There is obviously a lot missing from this analysis and it really doesn’t provide anything of earth-shattering revelation — using exception handling logic where you don’t expect to encounter many exceptions is going to be more expensive. It just seemed like a good excuse to write a little Python.

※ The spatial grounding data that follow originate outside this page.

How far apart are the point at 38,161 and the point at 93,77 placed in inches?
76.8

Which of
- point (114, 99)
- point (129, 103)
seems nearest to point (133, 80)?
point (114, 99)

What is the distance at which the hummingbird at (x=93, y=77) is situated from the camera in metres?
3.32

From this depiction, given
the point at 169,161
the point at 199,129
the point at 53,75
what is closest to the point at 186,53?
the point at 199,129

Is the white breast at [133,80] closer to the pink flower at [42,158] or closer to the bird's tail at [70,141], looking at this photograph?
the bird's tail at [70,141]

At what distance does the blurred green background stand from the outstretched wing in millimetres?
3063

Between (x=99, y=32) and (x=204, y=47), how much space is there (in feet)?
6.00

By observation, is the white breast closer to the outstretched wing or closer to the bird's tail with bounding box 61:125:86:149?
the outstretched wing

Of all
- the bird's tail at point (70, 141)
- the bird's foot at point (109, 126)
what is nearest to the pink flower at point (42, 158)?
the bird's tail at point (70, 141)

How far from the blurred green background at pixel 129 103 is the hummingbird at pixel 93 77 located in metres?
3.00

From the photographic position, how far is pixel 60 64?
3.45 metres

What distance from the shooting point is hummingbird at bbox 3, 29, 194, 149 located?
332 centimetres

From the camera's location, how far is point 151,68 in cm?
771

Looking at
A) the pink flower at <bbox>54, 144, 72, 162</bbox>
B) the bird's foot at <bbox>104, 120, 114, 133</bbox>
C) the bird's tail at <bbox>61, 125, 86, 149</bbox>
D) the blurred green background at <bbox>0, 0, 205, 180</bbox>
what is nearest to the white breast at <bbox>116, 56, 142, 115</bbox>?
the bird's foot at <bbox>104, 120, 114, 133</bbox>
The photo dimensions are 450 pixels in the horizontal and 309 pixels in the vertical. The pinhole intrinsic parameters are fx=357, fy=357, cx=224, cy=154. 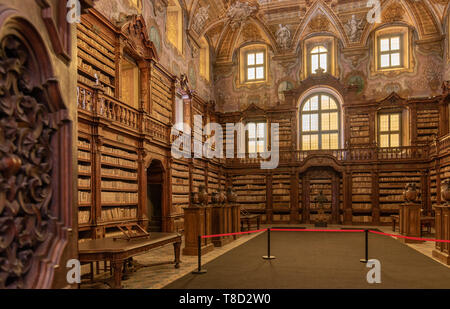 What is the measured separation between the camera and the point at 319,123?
58.4ft

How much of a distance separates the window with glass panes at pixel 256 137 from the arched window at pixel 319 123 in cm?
195

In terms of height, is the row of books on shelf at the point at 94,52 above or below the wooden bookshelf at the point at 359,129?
above

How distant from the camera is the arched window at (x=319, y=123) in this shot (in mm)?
17625

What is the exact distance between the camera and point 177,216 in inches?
475

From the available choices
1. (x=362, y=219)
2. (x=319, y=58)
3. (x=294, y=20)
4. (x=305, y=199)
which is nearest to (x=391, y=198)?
(x=362, y=219)

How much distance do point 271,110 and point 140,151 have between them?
32.5 feet

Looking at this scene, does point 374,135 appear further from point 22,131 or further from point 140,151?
point 22,131

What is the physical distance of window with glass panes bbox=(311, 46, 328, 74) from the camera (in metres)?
18.2

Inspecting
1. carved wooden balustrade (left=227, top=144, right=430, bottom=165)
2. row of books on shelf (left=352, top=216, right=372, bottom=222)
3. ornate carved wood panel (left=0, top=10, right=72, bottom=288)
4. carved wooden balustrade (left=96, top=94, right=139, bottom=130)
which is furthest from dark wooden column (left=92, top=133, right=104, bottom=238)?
row of books on shelf (left=352, top=216, right=372, bottom=222)

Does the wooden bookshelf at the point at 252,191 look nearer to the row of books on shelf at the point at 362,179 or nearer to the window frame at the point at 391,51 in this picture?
the row of books on shelf at the point at 362,179

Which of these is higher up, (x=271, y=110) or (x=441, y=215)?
(x=271, y=110)

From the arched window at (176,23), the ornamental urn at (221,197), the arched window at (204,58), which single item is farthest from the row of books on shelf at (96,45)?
the arched window at (204,58)

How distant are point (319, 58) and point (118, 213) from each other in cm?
1377

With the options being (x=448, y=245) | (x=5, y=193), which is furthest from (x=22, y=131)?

For those interested here is the script I wrote to arrive at the numbers above:
import time
def time_me(function):
def wrap(*arg):
start = time.time()
r = function(*arg)
end = time.time()
print "%s (%0.3f ms)" % (function.func_name, (end-start)*1000)
return r
return wrap
# Not Existing
@time_me
def with_try(iterations):
d = {'somekey': 123}
for i in range(0, iterations):
try:
get = d['notexist']
except:
pass
@time_me
def with_try_exc(iterations):
d = {'somekey': 123}
for i in range(0, iterations):
try:
get = d['notexist']
except Exception, e:
pass
@time_me
def without_try(iterations):
d = {'somekey': 123}
for i in range(0, iterations):
if d.has_key('notexist'):
pass
else:
pass
@time_me
def without_try_not(iterations):
d = {'somekey': 123}
for i in range(0, iterations):
if not d.has_key('notexist'):
pass
else:
pass
# Existing
@time_me
def exists_with_try(iterations):
d = {'somekey': 123}
for i in range(0, iterations):
try:
get = d['somekey']
except:
pass
@time_me
def exists_with_try_exc(iterations):
d = {'somekey': 123}
for i in range(0, iterations):
try:
get = d['somekey']
except Exception, e:
pass
@time_me
def exists_without_try(iterations):
d = {'somekey': 123}
for i in range(0, iterations):
if d.has_key('somekey'):
pass
else:
pass
@time_me
def exists_without_try_not(iterations):
d = {'somekey': 123}
for i in range(0, iterations):
if not d.has_key('somekey'):
pass
else:
pass
print "The case where the key does not exist:"
print "1,000 iterations:"
with_try(1000)
with_try_exc(1000)
without_try(1000)
without_try_not(1000)
print "\n100,000 iterations:"
with_try(100000)
with_try_exc(100000)
without_try(100000)
without_try_not(100000)
print "\n1,000,000 iterations:"
with_try(1000000)
with_try_exc(1000000)
without_try(1000000)
without_try_not(1000000)
print "\n\nThe case where the key does exist:"
print "1,000 iterations:"
exists_with_try(1000)
exists_with_try_exc(1000)
exists_without_try(1000)
exists_without_try_not(1000)
print "\n100,000 iterations:"
exists_with_try(100000)
exists_with_try_exc(100000)
exists_without_try(100000)
exists_without_try_not(100000)
print "\n1,000,000 iterations:"
exists_with_try(1000000)
exists_with_try_exc(1000000)
exists_without_try(1000000)
exists_without_try_not(1000000)
Update: Recently I updated my blog to process posts as if they were written in markdown. Just updating the raw post to markdown syntax.